# Task
Scan the data below and pick out the lines containing the word "Funny".

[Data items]
────────────────────

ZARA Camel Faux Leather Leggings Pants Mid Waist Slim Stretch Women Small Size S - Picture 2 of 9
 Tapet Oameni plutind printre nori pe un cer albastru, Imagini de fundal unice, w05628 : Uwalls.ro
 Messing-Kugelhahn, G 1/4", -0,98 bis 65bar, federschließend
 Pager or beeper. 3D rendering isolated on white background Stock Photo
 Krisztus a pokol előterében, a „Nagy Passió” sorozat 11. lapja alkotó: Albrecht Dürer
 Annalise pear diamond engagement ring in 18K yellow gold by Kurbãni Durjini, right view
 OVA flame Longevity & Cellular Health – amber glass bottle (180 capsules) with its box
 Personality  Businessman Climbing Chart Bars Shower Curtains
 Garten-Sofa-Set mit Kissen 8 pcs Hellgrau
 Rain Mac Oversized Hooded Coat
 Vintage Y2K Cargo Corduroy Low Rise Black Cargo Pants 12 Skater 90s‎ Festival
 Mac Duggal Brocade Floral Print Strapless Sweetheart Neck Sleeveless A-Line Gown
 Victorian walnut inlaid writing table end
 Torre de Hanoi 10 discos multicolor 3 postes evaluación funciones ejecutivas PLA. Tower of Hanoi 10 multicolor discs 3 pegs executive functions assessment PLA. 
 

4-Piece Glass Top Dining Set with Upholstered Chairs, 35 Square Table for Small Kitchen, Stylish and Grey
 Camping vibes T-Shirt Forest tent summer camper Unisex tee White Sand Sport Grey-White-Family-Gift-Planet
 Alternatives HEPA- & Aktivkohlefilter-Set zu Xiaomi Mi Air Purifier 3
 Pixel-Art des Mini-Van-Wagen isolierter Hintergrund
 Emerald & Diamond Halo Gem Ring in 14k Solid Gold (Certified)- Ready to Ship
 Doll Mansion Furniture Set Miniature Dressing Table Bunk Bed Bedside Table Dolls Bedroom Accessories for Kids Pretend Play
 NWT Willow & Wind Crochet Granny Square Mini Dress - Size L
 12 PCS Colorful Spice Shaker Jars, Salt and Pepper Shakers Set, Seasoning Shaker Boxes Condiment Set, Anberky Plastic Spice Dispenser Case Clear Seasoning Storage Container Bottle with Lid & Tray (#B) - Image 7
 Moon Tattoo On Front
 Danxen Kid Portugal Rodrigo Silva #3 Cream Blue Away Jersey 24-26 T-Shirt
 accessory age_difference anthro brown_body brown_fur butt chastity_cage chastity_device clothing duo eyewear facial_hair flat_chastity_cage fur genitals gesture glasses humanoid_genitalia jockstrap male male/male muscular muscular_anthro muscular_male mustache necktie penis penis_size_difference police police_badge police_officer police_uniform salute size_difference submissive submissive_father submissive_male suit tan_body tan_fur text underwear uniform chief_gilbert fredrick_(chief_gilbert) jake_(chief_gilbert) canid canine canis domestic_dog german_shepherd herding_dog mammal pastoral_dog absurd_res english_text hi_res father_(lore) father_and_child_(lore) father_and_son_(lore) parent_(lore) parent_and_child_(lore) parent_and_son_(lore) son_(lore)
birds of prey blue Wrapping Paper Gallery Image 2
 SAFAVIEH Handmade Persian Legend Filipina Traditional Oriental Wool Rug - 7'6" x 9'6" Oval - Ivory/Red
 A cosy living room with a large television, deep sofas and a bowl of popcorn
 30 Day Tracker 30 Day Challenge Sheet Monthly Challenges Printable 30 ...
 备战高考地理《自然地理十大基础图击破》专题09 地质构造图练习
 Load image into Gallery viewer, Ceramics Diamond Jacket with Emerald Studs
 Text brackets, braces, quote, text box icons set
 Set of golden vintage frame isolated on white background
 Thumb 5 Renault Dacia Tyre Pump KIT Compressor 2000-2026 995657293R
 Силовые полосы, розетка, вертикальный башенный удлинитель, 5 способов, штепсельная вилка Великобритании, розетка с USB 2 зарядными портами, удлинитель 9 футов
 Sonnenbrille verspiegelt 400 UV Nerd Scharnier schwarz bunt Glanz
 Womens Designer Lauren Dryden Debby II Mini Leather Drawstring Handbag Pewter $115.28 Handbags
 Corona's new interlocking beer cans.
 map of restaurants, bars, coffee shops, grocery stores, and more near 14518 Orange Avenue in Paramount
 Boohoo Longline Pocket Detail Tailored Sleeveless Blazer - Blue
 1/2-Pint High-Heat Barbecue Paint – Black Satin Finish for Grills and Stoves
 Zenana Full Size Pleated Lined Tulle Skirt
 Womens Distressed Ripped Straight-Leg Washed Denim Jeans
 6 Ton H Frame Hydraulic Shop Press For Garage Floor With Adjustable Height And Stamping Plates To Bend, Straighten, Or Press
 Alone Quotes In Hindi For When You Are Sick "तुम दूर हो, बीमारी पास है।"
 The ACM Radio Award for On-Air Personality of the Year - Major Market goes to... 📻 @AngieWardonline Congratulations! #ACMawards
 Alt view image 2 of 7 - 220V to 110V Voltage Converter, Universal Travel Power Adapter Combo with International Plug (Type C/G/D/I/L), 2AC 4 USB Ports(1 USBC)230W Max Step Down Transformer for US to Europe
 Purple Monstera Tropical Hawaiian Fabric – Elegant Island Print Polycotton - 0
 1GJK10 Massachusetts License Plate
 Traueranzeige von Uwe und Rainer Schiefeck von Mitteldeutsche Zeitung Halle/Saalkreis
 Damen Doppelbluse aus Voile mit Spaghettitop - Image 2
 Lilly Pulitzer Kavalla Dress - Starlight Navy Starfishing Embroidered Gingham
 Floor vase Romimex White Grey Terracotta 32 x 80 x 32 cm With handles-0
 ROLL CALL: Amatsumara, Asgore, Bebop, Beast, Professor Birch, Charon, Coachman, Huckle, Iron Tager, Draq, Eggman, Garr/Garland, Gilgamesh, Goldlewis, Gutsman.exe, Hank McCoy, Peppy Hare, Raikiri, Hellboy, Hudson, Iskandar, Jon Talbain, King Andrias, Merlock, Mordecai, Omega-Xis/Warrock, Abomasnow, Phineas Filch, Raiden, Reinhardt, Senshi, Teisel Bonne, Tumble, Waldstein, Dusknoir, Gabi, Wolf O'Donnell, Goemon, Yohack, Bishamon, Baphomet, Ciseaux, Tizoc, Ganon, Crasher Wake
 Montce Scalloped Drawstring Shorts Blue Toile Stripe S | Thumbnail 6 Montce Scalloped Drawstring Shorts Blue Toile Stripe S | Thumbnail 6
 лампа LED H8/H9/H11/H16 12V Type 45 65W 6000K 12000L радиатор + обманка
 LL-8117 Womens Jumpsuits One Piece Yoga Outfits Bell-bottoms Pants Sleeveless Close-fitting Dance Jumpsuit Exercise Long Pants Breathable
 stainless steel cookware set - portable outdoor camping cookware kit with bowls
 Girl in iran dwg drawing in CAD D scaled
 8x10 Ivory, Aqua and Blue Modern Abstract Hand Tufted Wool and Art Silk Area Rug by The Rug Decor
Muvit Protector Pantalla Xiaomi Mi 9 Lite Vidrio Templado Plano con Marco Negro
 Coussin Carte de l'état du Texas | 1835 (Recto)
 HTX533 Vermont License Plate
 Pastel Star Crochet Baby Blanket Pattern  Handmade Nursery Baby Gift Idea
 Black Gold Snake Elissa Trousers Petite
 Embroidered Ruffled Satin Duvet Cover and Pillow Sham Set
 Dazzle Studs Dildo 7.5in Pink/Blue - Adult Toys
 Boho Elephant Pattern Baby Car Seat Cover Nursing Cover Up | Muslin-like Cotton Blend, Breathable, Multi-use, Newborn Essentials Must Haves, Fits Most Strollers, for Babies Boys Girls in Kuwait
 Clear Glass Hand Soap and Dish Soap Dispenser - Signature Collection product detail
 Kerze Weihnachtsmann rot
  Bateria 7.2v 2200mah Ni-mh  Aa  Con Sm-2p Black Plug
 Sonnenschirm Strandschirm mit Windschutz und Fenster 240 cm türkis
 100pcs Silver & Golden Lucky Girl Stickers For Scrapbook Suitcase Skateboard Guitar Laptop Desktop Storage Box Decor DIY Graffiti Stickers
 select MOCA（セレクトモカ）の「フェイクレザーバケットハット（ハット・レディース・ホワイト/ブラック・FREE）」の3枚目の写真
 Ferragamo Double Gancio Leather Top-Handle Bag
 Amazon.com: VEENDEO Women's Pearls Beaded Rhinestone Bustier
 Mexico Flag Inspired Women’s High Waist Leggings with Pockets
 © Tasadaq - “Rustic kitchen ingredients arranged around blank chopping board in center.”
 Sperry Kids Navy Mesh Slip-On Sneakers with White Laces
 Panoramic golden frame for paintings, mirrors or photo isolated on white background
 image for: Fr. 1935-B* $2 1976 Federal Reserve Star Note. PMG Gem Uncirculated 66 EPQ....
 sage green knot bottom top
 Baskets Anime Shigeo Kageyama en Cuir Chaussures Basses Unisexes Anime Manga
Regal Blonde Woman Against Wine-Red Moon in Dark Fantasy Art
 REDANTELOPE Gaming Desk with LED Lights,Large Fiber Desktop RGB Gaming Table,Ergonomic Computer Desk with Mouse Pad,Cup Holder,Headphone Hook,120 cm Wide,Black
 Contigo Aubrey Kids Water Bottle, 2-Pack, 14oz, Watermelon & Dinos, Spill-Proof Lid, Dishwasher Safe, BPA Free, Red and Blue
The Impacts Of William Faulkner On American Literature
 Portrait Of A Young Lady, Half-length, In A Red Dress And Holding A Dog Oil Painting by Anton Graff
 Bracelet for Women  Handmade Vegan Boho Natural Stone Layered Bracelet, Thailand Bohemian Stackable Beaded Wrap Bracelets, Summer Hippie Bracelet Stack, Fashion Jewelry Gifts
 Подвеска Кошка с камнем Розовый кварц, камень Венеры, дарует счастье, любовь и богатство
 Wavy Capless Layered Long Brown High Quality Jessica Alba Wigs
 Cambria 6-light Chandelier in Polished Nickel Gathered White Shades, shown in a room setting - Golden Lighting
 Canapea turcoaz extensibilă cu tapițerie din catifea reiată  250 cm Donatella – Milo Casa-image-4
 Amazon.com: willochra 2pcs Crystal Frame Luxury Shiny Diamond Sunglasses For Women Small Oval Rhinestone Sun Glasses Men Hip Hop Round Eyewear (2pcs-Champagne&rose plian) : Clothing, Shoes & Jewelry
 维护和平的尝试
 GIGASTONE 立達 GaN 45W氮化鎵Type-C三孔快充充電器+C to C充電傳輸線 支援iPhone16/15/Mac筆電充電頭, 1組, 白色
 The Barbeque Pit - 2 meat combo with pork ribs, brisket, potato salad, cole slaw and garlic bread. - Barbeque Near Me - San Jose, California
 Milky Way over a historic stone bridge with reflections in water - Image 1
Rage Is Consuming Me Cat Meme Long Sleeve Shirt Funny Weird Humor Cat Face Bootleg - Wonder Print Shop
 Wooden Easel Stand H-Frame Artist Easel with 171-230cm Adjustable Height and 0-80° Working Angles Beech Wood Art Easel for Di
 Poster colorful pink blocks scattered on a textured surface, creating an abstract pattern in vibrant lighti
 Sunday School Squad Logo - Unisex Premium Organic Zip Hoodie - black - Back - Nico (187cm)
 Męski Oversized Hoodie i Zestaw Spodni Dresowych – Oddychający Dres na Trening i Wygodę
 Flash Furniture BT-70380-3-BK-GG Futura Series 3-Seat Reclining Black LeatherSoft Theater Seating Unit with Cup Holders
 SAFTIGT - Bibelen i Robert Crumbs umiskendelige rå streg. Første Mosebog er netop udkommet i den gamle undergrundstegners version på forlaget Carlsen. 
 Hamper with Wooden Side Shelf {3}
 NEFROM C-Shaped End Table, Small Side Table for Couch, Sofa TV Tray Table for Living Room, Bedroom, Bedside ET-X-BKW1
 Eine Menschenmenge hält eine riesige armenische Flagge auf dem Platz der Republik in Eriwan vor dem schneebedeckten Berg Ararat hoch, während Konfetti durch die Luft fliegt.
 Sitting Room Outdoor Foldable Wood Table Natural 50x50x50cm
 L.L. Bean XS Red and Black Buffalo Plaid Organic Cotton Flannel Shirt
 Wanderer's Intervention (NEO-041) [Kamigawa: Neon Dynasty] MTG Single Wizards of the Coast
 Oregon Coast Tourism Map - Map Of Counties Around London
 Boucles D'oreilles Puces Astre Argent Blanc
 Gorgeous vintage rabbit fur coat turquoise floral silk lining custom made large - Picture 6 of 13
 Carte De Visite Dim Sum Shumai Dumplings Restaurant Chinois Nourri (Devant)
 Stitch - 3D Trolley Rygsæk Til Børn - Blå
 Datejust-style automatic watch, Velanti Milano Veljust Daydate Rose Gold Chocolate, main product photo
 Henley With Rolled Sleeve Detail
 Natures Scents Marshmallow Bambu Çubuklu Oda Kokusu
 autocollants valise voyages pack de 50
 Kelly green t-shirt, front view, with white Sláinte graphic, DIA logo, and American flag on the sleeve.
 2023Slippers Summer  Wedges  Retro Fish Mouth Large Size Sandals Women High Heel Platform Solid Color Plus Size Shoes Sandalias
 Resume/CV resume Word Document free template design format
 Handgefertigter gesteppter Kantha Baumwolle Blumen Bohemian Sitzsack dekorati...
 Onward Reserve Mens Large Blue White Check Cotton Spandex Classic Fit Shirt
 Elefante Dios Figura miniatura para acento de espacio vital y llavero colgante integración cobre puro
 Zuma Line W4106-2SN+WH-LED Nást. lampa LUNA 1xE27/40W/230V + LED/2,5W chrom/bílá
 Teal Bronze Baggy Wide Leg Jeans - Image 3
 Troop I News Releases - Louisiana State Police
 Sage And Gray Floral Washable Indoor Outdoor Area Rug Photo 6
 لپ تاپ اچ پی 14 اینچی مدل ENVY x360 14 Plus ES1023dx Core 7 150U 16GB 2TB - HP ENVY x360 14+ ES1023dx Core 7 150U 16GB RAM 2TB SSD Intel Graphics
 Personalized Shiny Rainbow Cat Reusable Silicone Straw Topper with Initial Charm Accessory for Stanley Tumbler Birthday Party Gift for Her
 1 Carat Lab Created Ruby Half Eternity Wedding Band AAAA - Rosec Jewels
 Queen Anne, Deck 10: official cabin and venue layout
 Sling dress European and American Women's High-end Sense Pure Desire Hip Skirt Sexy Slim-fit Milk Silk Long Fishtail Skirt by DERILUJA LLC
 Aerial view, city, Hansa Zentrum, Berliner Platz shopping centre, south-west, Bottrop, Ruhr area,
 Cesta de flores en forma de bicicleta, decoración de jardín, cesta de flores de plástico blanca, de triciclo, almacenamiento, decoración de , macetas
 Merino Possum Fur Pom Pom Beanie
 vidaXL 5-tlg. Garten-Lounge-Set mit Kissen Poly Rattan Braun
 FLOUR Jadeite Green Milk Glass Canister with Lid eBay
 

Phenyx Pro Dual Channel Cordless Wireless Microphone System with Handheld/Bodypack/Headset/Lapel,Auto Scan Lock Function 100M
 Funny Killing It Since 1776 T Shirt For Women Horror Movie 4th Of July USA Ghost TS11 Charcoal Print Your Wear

────────────────────

# Problem solution
Rage Is Consuming Me Cat Meme Long Sleeve Shirt Funny Weird Humor Cat Face Bootleg - Wonder Print Shop
 Funny Killing It Since 1776 T Shirt For Women Horror Movie 4th Of July USA Ghost TS11 Charcoal Print Your Wear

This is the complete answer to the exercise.